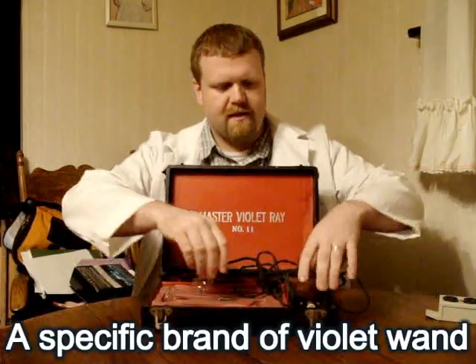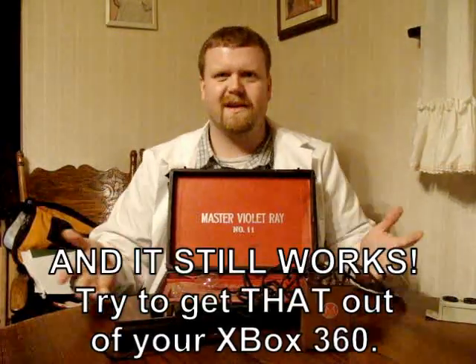Anyway, this is the violet ray. This is actually a device that was made between 1910 and 1950. I think this one is dated to about 1920, 1930-ish. There's no dates on it, so I'm guesstimating based on what I found on the internet for this device.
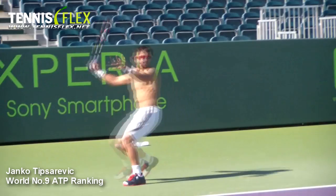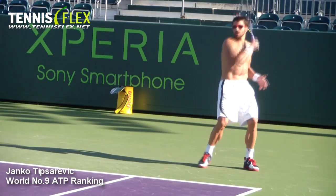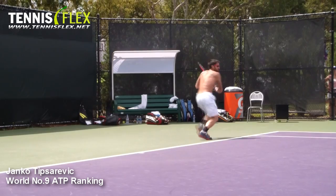Do you want more power and racket speed on your forehand? Need a blazing backhand? Do you want faster hands at the net? Do you want a ballistic serve? Then start training like me.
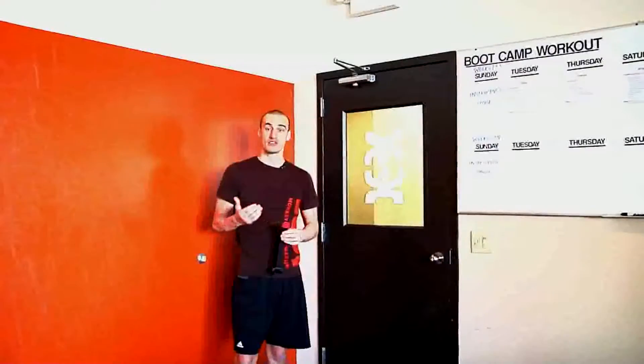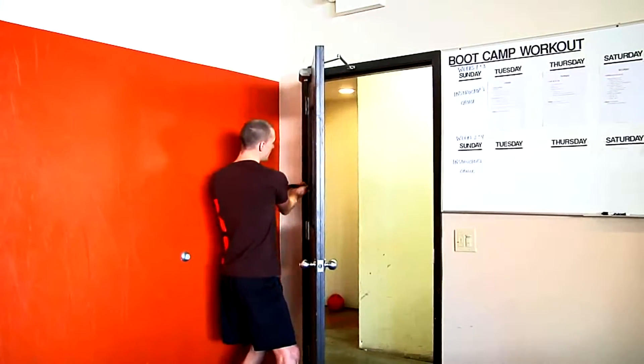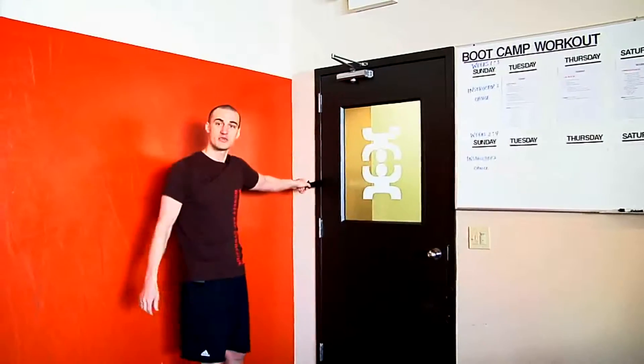I'm going to show you how to install the heavy-duty door attachment. First we want to take the oversized doorstop — this red portion here. We're going to open the door and stick it through the hinge side of the door. Once you get it through, pull it so it's nice and tight. Then for safety precaution we're just going to lock the door. After that, it's ready to use.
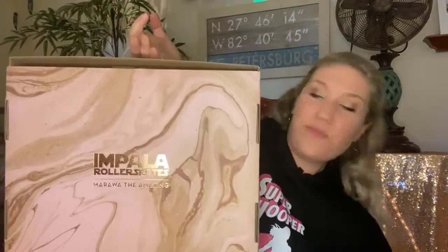Not to mention the fact that there seems to be a really big roller skate shortage because everybody is getting into roller skating again, which I think is awesome. So when I saw these pop up in my size, I had to grab them.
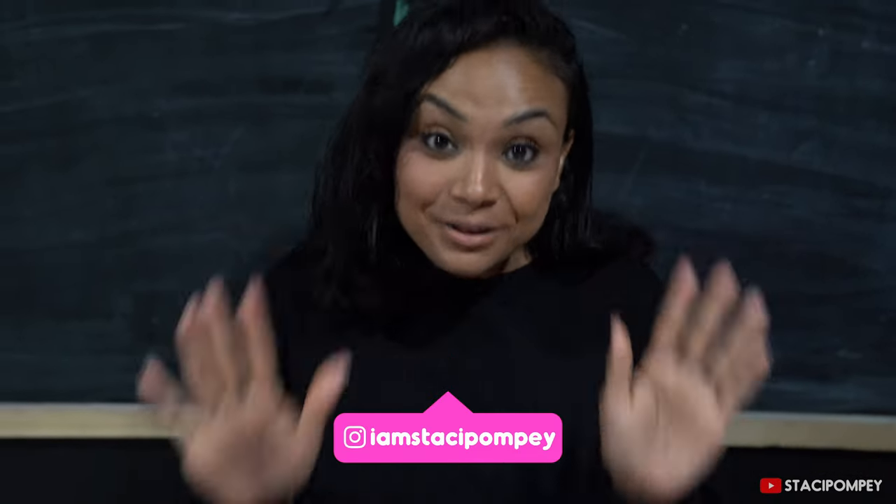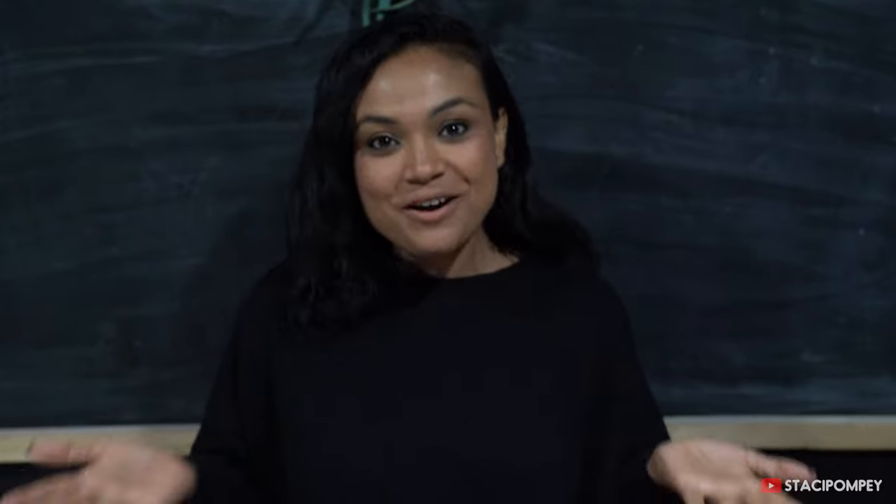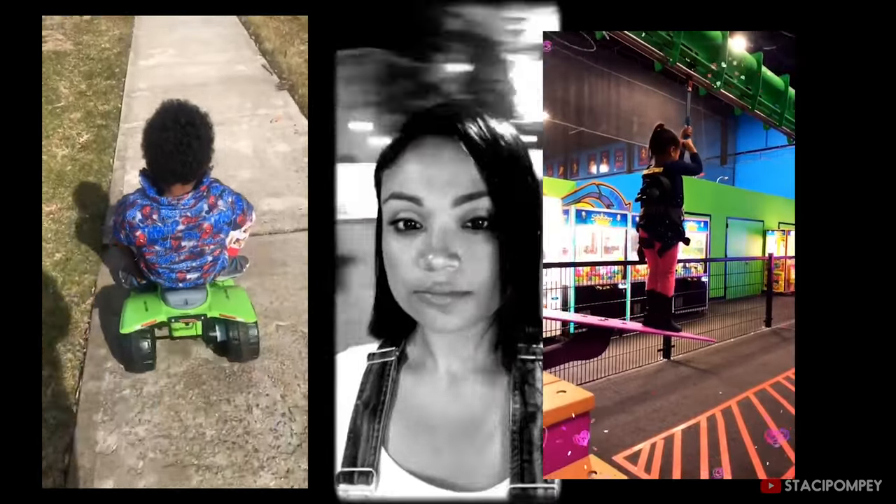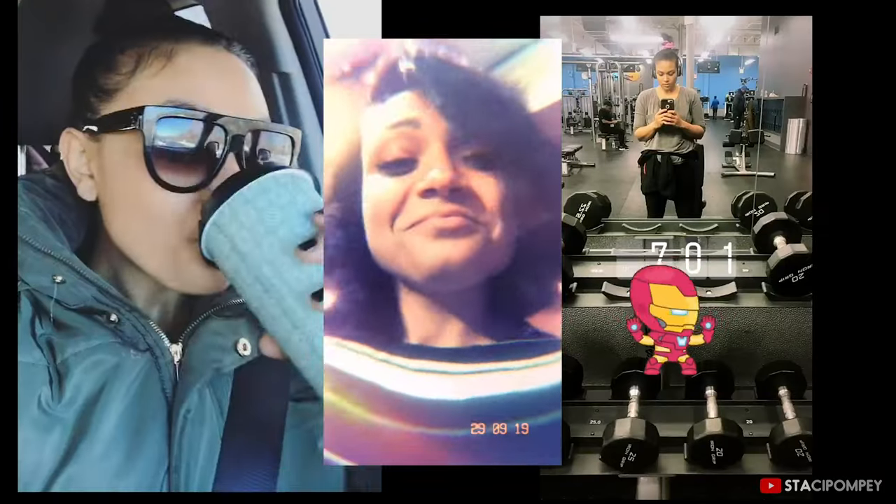Today I have a really fun vlog planned for you guys. I'll be teaching you guys how to sew a face mask in under 10 minutes. If I can do it, you guys can do it.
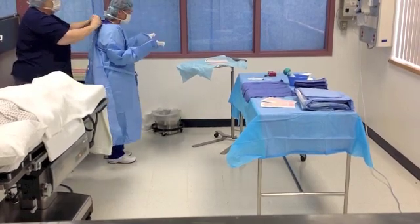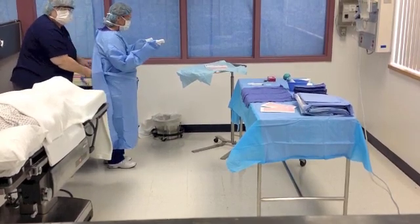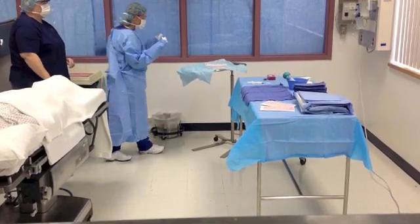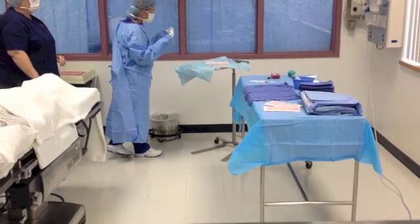Advance your hands into the sleeves by pushing them horizontally and outward until your fingertips reach the white cuff. The circulator can assist you by grasping the inside of the gown and securing the back. Your fingertips must stay inside the white cuff within one inch from the opening.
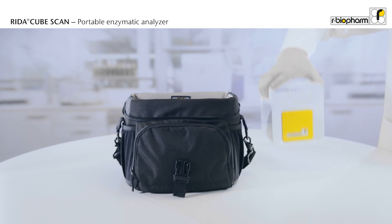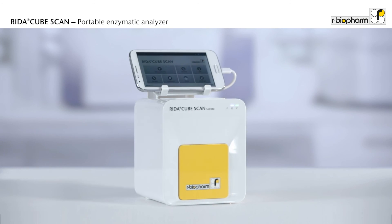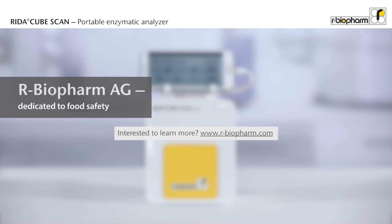And because the RIDAR CubeScan is small and lightweight, it can be easily transported in a camera bag. Perform your test wherever and whenever you want. RIDAR CubeScan: Small in size. Big in performance.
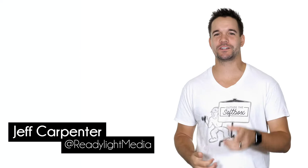Hey, what's going on? My name is Jeff Carpenter with ReadyLight Media. On this episode of Outside the Softbox, we're going to talk about the Panasonic Lumix G9 and some of the features that help me as a portrait photographer.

++++++++++++++++++++

In the data above, start at the line holding "Not to mention" and stop after the line holding "Today I have"; write out those lines exactly, without pictures.

Answer to this exercise |
Not to mention the fact that there seems to be a really big roller skate shortage because everybody is getting into roller skating again, which I think is awesome. So when I saw these pop up in my size, I had to grab them.
Today I have a really fun vlog planned for you guys. I'll be teaching you guys how to sew a face mask in under 10 minutes. If I can do it, you guys can do it.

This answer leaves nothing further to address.